Today at 8:02pm: hosting twelve guests and scarfing shabu-shabu, courtesy of Cia


Well, I finally found the job I want to do.

So there’s this guy, right, he drives around the city in a big white truck. It has a “cherry picker” on the back--a bucket the size of half a man, attached to a huge metal folding arm. He parks the truck under a streetlamp, gets into the basket and remote-controls it up, up, up until he’s level with the streetlamp. There, thirty feet above moving Manhattan traffic, he changes the lightbulb.

I just passed the guy doing it on Houston Street and it’s after midnight, so he must work at off hours. It’s so cool. Best of all, it’s a one-man job. He drives the truck, then he leaves it running and gets in the basket. You could do it while wearing your iPod.

It must be great driving around the city by yourself late at night with a job to do. And you get to tangibly fix things, I mean you can see the results right away. Light’s dead, you come in, now it’s lit up again. You understand exactly what the problem is, you use your abilities to fix it and you don’t have to work with anyone else.

Why didn’t they tell me about this job in high school?

The relationship of education to forming an actual working life is so unusual, particularly where humanities are concerned. You can study things like sociology and third-world economics and European history, with little to no warning of the soul-sucking nine-to-five existence this might lead you to, where you have to come into the conference room at lunchtime because it’s Rebecca From Market Research’s birthday. Meanwhile you don’t even like birthday cake. You don’t even like Rebecca.

I want to change those damn lightbulbs. If I had that job, I’d wake up each day or night with verve and purpose. I’d drive around in my big white truck singing along to Smokey Robinson, drinking my coffee and blowing smoke at the empty passenger seat. If work got slow, I’d put fresh BB guns in the hands of various children around the city and slip them a couple bucks to shoot random streetlamps out.

And man, think of the pictures I could take from up there. Because it’s still on the street, and at night no less, you know? I bet you see the most interesting shit from thirty feet up.

Occasionally a bulb will burn out in my apartment and I’ll have to break the ladder out and change it, but it’s not the same indoors, on your own time, when you’re the guy paying for the bulbs. The upshot is that in here I can turn the lights on and off anytime I want.

Well, they’re two different kinds of freedom, both desirable. I’ve got the one so I know oughtn’t complain from lacking the other.

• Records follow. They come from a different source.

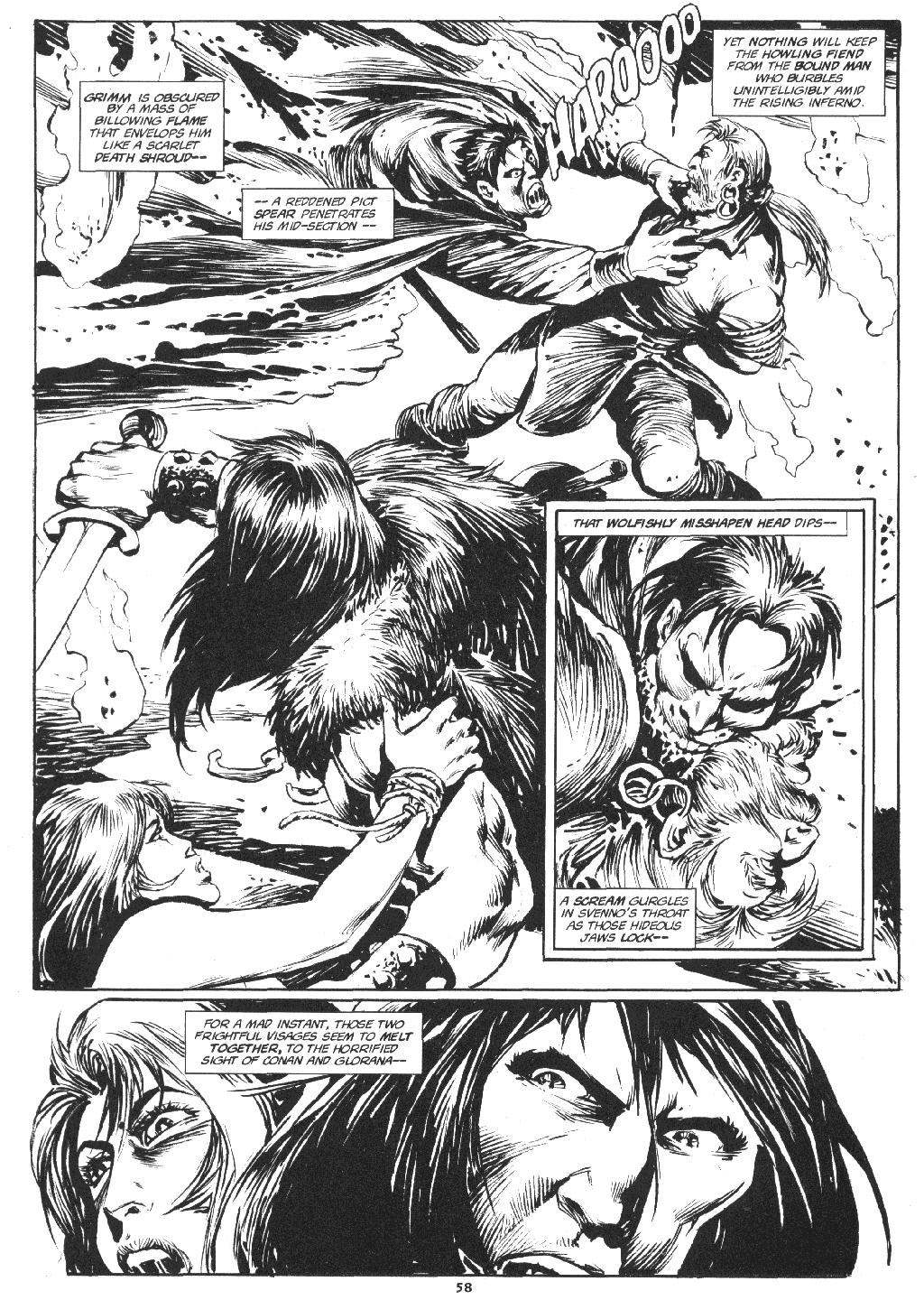 Read online The Savage Sword Of Conan comic -  Issue #219 - 59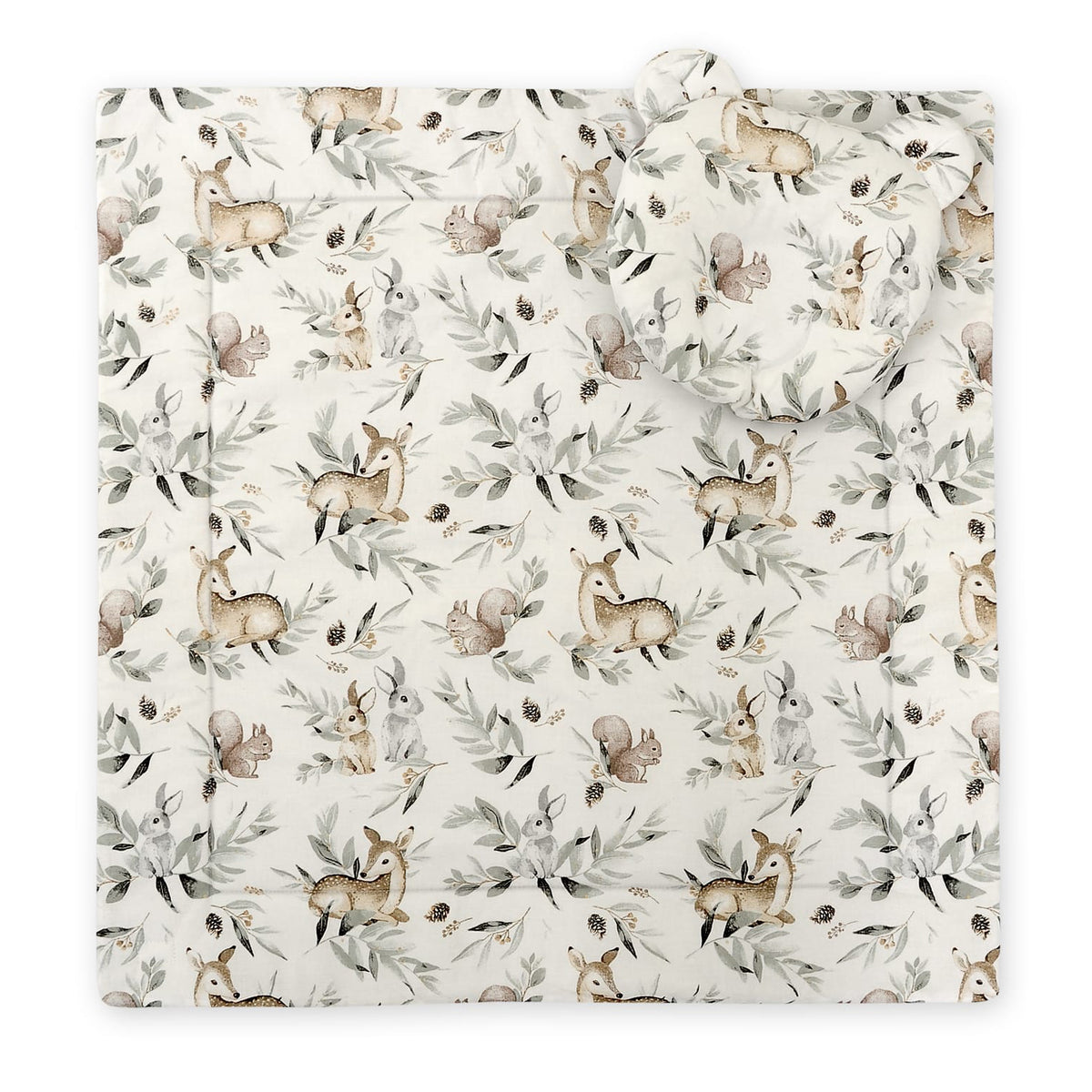 Duvet with pillow Teddy - 2pcs set - woodland olive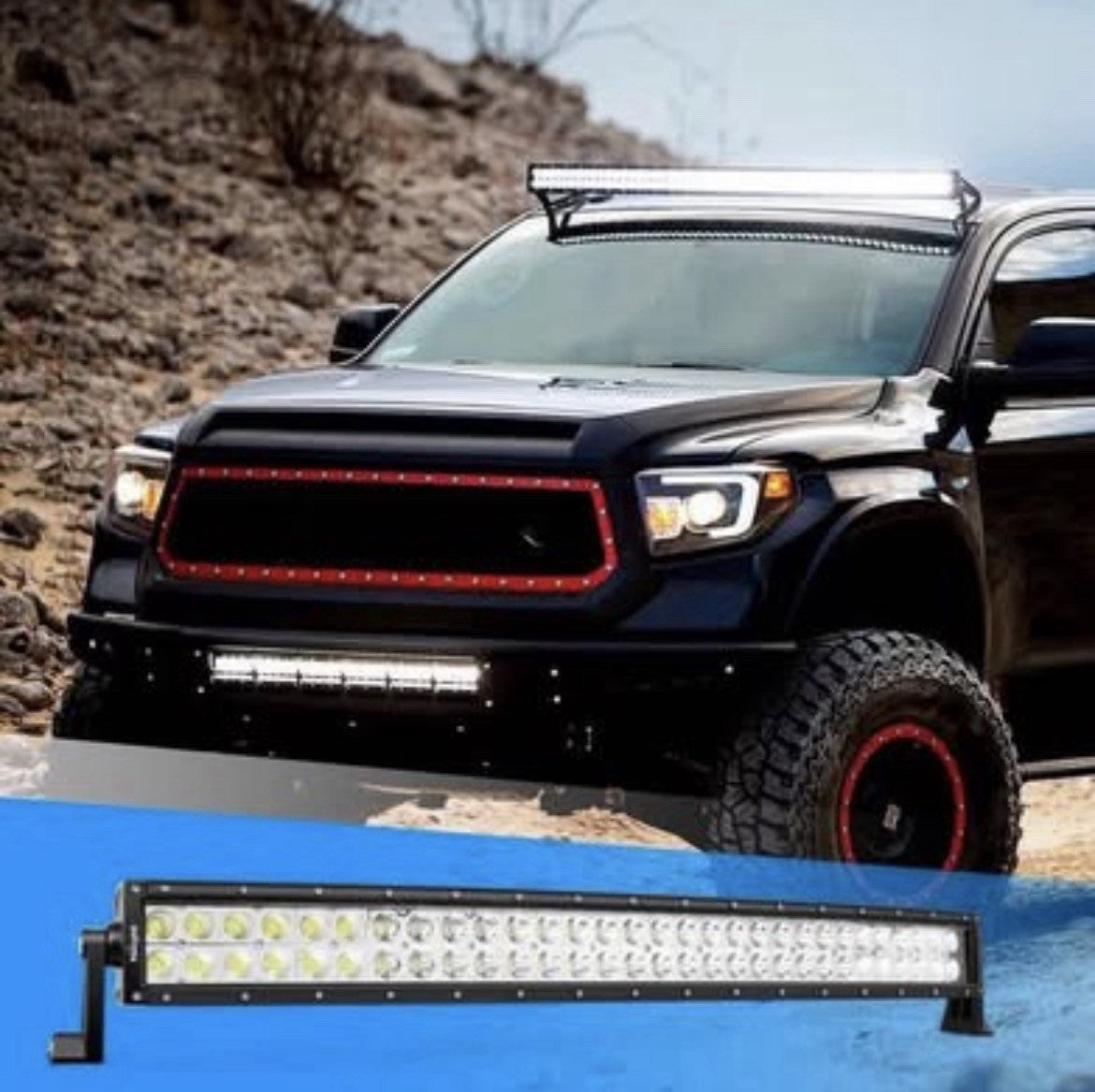32" LED LIGHT BAR Tri Row Spot Flood Combo Truck Offroad 4WD ATV SUV Light US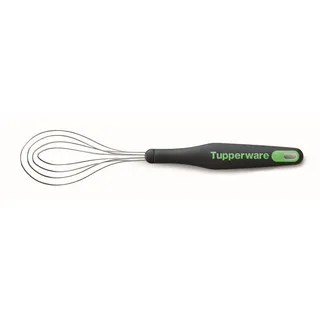 TUPPERWARE Griffbereit Tellerbesen schwarz-grün D165 Schneebesen TOP-Tellerbesen 9550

I was listening to the BBC (my favorite) today and they reported how a Danish prison official was trying to get gyms banned from all Danish prisons. “It’s unacceptable for convicted criminals to bodybuild themselves into monsters,” he said. Apparently imprisoned Danish thugs work out “incessantly” and use their substantially increased strength to attack prison guards and commit violent crimes once they’re released.

I’ve been to Denmark before and even the ordinary people are huge, so I can only imagine what these Schwarzenegerized cons look like. It must be like, if Vikings had steroids.

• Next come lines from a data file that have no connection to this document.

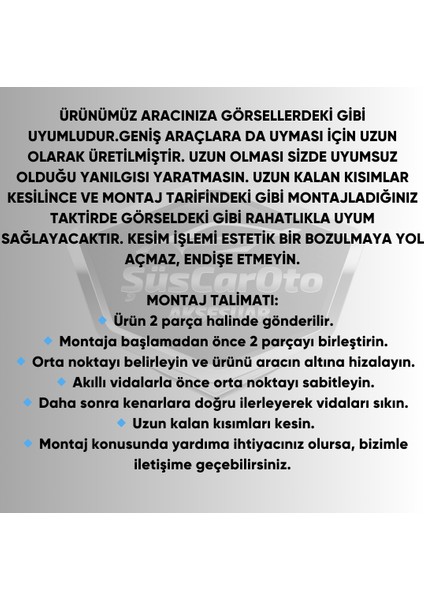 Ford Focus 1 Hb&sedan 1998-2004 Uyumlu Üniversal V2 Laguna Lip Esnek Ön Lip 2 Parça Tampon Altı Dil Karlık Ön Ek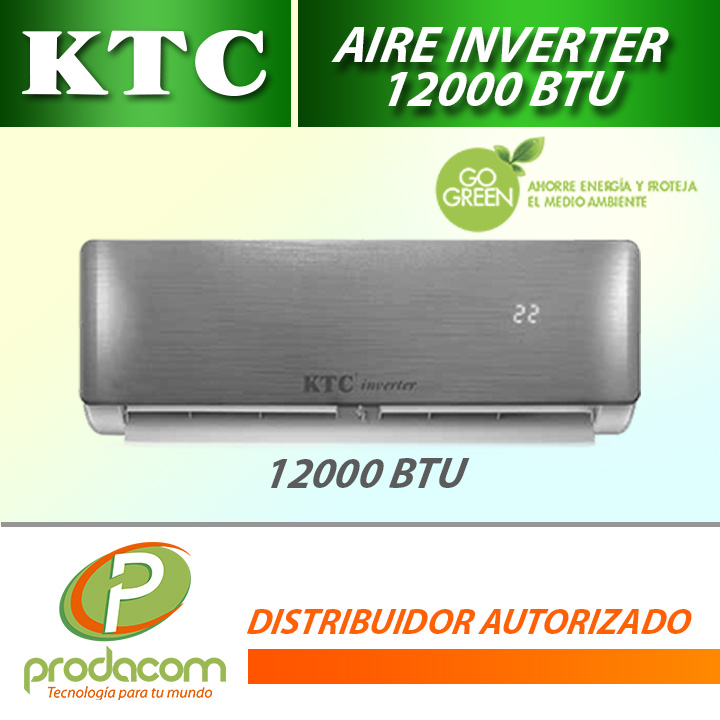 AIRE ACOND. KTC 12000BTU SPLIT INVERTER S17 220V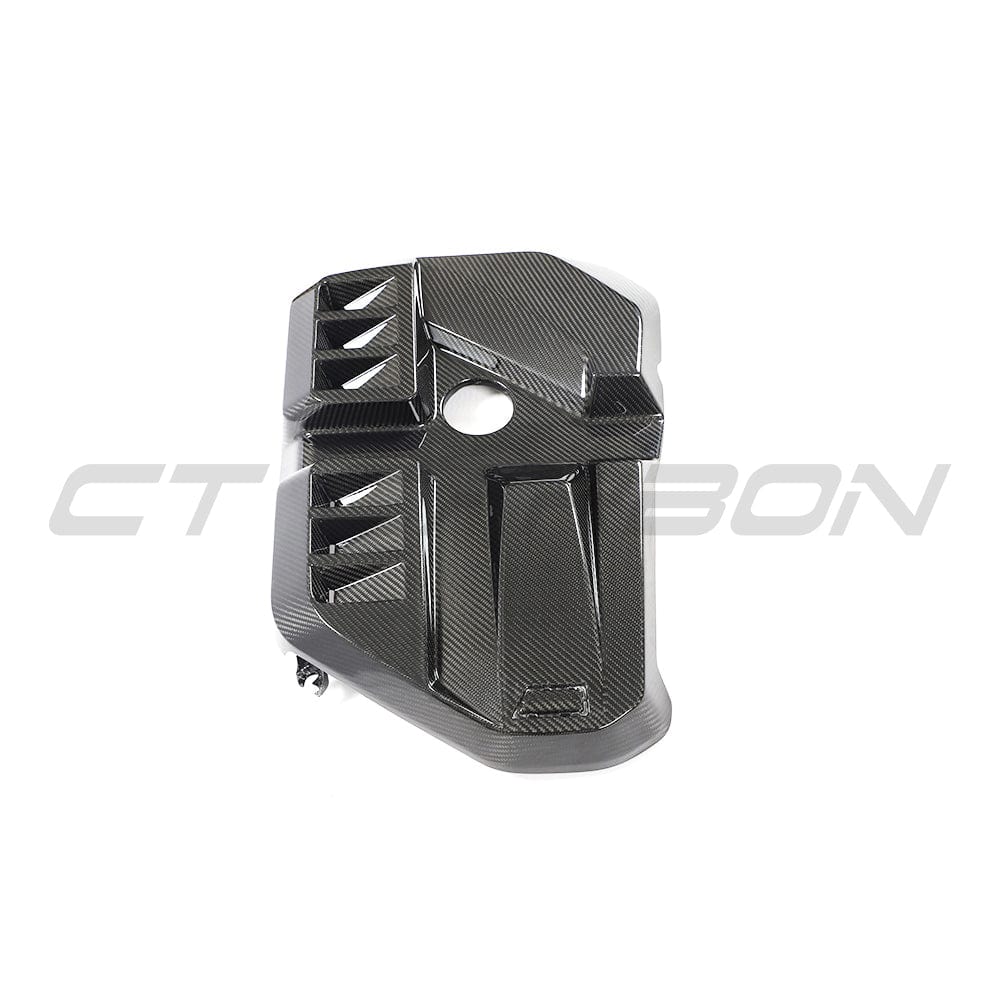 BMW M2 M3 M4 G87 G80 G81 G82 G83 Carbon Fibre Engine Dress Up Kit by CT Carbon, showing sleek carbon fiber engine accessories.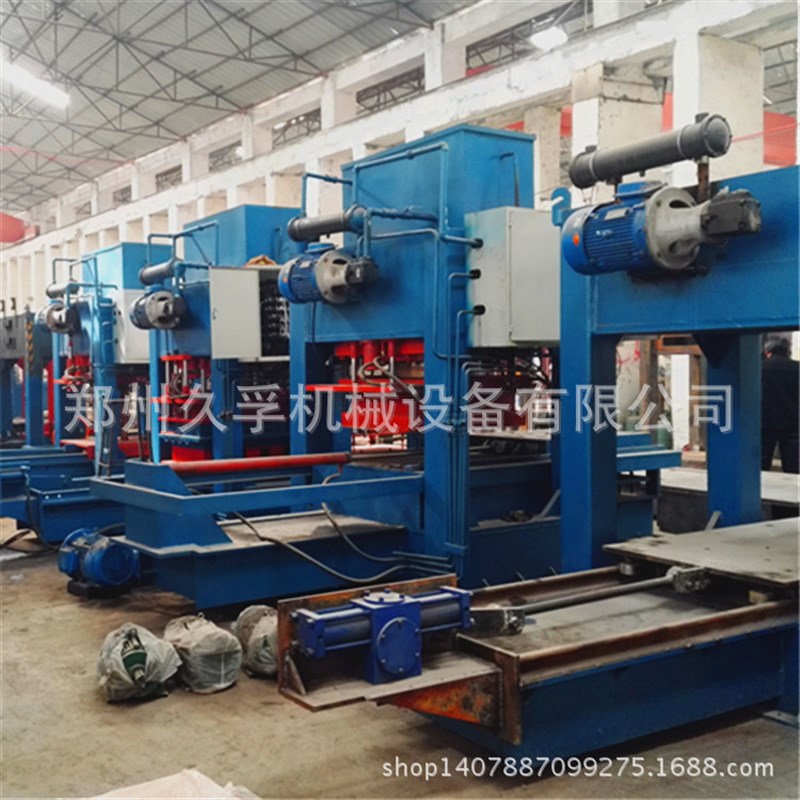 水泥免烧瓦彩瓦机械设备 uPLC自动液压水泥模压彩瓦压瓦机器线
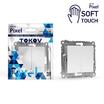 Переключатель проходной 2-кл. СП Pixel 10А IP20 механизм айс TOKOV ELECTRIC TKE-PX-P2-C34 - УПС инжиниринг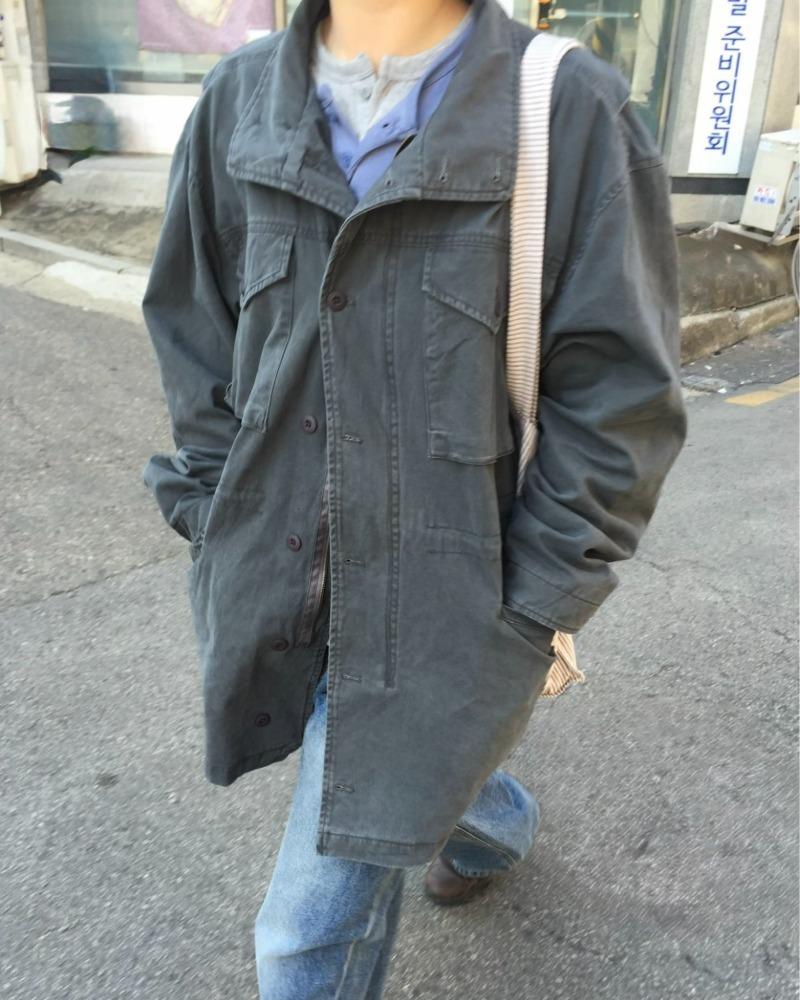 빈티지 하이넥 필드 자켓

One thing I’ve never understood about American prisons is that they all have gyms and libraries. Just what this country needs--stronger, smarter criminals. I’m surprised they don’t teach them how to make passports, pick locks and scale walls.

On Conan O’Brien, Ice-T said prisons should be stocked with Playstations because it would keep the criminals occupied and help to pass the time. I actually think that’s a better idea than gyms and libraries. Then again, what the hell do I know.

This concludes today’s discussion of penal diversions and vocational dreams, I’m going to bed.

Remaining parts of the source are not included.